Angefangen bei der Geburt - die Kleine hatte beschlossen verkehrt herum, also in Beckenendlage, und viel zu früh auf die Welt zu kommen - über Stillprobleme bis hin zur verzweifelten Kita-Suche. Denn da half weder frühzeitige Anmeldung noch ein rechtmäßiger Anspruch.


„Gerade nach der Geburt verändert sich so vieles in unserem Leben. Durch die neue Verantwortung stellen sich wohl viele Mütter neue Fragen, horchen in sich hinein, entdecken andere Wege, wie wir unser Leben nun weiterführen wollen....”

von Cordula Funke

Das Überraschende in diesen ganz ungeplanten Situationen war, dass sie mich selbst als perfektionistische Planerin nicht mehr in die Verzweiflung getrieben haben. In wenigen Wochen hatte ich gelernt, dass man mit Kindern die Zukunft einfach nicht planen kann. Dinge passieren einfach, neue Prioritäten treten in das Leben und lassen anderes auf einmal völlig unwichtig werden. Und so lehrte mich meine gerade mal ein paar Monate alte Tochter die Leichtigkeit des Seins wiederzuentdecken. Eine wichtige Lektion, wichtiger als jemals eine Fortbildung oder Schulung hätte es vermitteln können. Und das war auch gut so, denn meine Elternzeit hielt noch mehr Ungeplantes bereit.

Nachdem die Kita-Situation nach langer Suche doch noch ein glückliches Ende nahm, wollte ich wieder Teilzeit in der Elternzeit arbeiten - nur mein Arbeitgeber wollte das nicht. Einzelfall bin ich hier keiner, wer sich mit dem Thema beschäftigt, findet im Netz hunderte solcher Fälle. Allerdings können in einer Stadt wie München, in der Monatsmieten die Preise von gebrauchten Kleinwagen haben und Kitas die von Hesba-Kinderwägen, wohl die wenigsten Familien von nur einem Gehalt leben. Aber wie hat die eigene Mutter immer so schön gesagt? Wenn sich eine Tür schließt, dann geht irgendwo wieder ein Fenster auf. In meinem Fall öffnete sich sogar ein ganz wunderbares Fenster. Eine befreundete Autorin arbeitete an einer Buchidee über Frauen, die sich mit ihren ganz individuellen Geschäftsideen im Bereich Mode und Lifestyle selbstständig gemacht hatten. Ein Geschenk des Himmels zur richtigen Zeit. Gerade nach der Geburt verändert sich so vieles in unserem Leben. Durch die neue Verantwortung stellen sich wohl viele Mütter neue Fragen, horchen in sich hinein, entdecken andere Wege, wie wir unser Leben nun weiterführen wollen.
Das Fenster ist offen

Buchcover: Selbstständig in Mode und Lifestyle


In exakt dieser Zeit des Umbruchs etwas komplett Neues ausprobieren zu können, war für mich eine großartige Chance. Und die Thematik hätte wohl kaum besser passen können: Frauen zu interviewen, wie sie es geschafft haben, den Mut aufzubringen und ihren Träumen mit einem Sprung in die Selbstständigkeit zu folgen - das war genau die Welt, mit der auch ich mich auseinandersetzte. Dass viele von ihnen gleichzeitig auch noch Kinder groß gezogen haben, war umso faszinierender.

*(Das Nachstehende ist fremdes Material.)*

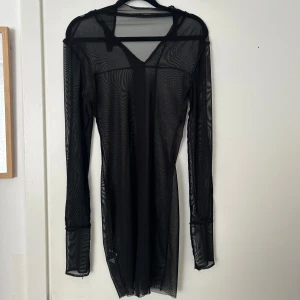 Svart meshklänning med lång ärm - Säljer en svart, transparent meshklänning med lång ärm och v-ringad hals. Klänningen är tight och har en minimalistisk design som passar perfekt för lager-på-lager eller som statement-plagg.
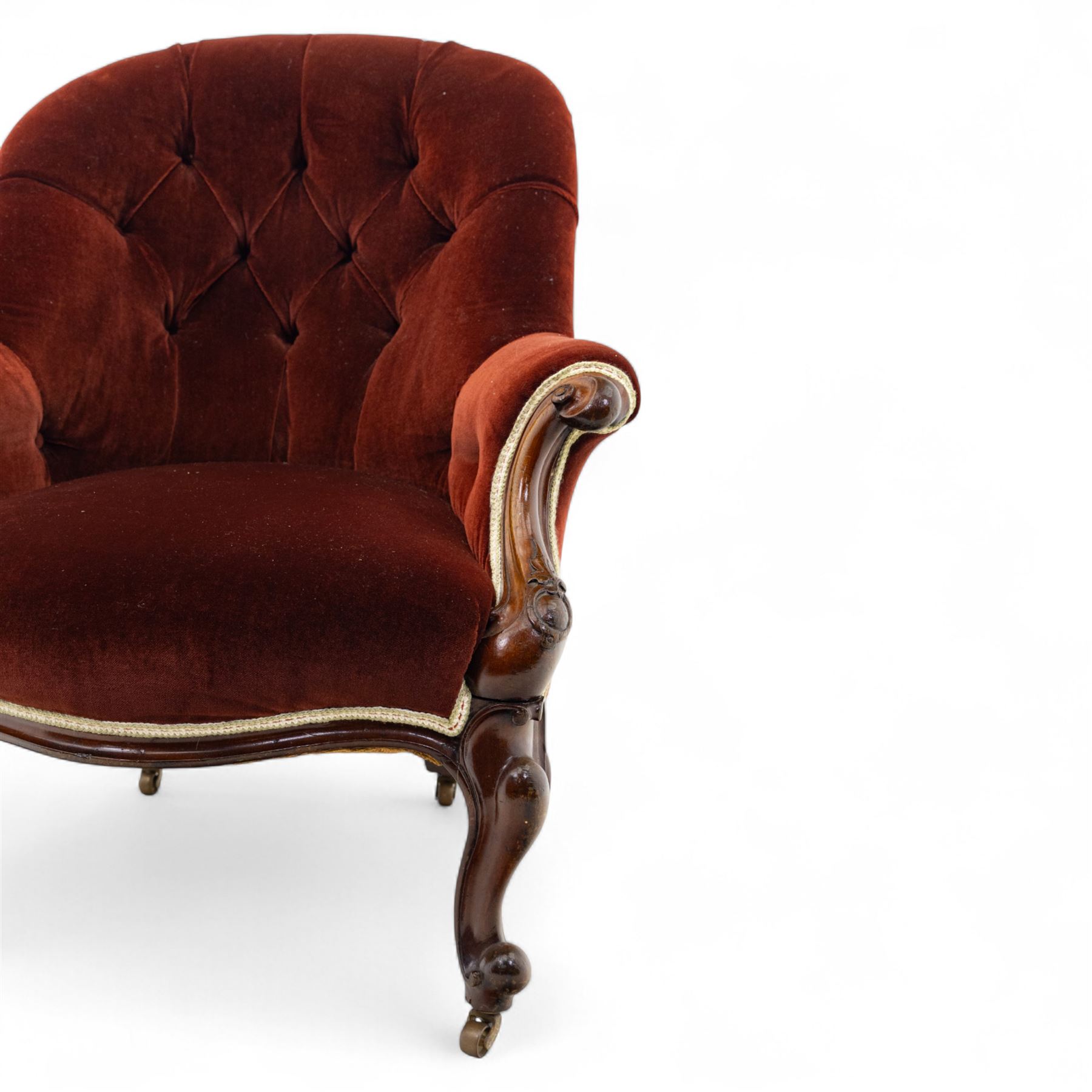 Victorian mahogany framed crimson velvet upholstered tub armchair, with buttoned back and scroll carved arms above a serpentine fronted seat rail, raised upon scroll carved cabriole front legs and plain curved back legs with brass castors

Das Beste an der neuen beruflichen Herausforderung: Ich konnte mir die Arbeitszeit komplett frei einteilen und es störte keine der Damen, wenn meine Tochter Theresa bei dem ein oder anderen Interview auf meinem Schoß saß. Vielleicht lief so das ein oder andere Gespräch nicht "perfekt" ab, aber man war immer sofort in einem intensiven Austausch - über die Kinder, die Schwierigkeiten des Alltags und natürlich den Traumjob, der sich mit all dem gut verbinden lässt.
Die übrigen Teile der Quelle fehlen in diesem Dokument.